A raiz e o fundamento da Igreja “Corpo Místico de Cristo” vai além de uma solidariedade moral; sua base é sacramental, por isso é real, e anterior às disposições subjetivas dos batizados.

O pensamento paulino sobre “Corpo de Cristo” se desenvolve, sobretudo, nas cartas aos colossenses e aos efésios (CAVACA, 2009, p.129). Sua teologia supõe que a Igreja, pensada dessa maneira, adquire uma personificação. Para Paulo, o Corpo Místico é a própria pessoa de Cristo prolongada na história (SHEEN, 2018, p. 703). É o setor da humanidade que vive a vida de Cristo e que continua a sua vida. Essa é a ideia semita de personalidade corporativa. O novo Adão, que morreu e ressuscitou em nome e em favor de toda a humanidade, contém, como corpo, toda a humanidade. Todos os que se revestem dele se tornam igualmente homens novos (cf. Cl 3,10; Ef 4,24).

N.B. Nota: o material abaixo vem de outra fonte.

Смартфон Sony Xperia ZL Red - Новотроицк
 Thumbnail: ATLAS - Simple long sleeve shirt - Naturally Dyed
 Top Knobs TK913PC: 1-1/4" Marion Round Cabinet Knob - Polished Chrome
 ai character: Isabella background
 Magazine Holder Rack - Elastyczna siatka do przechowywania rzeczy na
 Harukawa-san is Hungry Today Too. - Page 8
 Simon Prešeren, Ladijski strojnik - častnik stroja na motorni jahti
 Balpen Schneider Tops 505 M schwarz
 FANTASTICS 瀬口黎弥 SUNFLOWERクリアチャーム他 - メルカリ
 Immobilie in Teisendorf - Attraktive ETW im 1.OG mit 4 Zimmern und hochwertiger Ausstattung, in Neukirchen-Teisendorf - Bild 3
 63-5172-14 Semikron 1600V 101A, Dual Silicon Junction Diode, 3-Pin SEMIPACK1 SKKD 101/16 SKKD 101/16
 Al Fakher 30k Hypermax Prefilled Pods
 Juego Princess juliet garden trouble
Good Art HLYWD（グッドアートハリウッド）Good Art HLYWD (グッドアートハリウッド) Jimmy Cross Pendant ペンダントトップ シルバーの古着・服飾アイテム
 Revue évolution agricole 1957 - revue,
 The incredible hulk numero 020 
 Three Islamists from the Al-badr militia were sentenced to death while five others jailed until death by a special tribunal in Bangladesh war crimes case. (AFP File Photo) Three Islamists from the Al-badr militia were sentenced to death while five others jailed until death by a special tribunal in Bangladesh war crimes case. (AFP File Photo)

Além disso, o Corpo de Cristo, na teologia paulina, contém uma dimensão ao mesmo tempo ecumênica, universal, cósmica e dinâmica. Na mentalidade semita, ‘corpo’ é a pessoa inteira em suas relações. No caso da Igreja, corpo significa a Igreja em suas relações com o mundo.

A Igreja é a nova criação…o homem novo

A comunidade eclesial, a Igreja, é a presença visível do Ressuscitado no mundo. Por isso, podemos afirmar, que a Igreja é muito maior do que o mundo! É maior do que os céus e a terra, porque o homem jamais encheu a Igreja e nunca será capaz de fazê-lo. Cristo é o único que pode encher a Igreja. Nele habita toda a plenitude que pode plenificar tudo e todos: pode encher o homem e sua mente, o tempo e o espaço. A Igreja é a nova criação, o novo céu, a nova terra, o homem novo. Na natureza desta nova criação são engolidos o velho céu e a velha terra, como se não existissem mais, mesmo se, na realidade, continuam a existir. O corruptível é absorvido pelo incorruptível: tudo se torna novo, vivo, imortal e puro. Aquilo que é novo, sob este aspecto, pertence ao eterno e inalterável Todo-Poderoso (BESEN, 2020).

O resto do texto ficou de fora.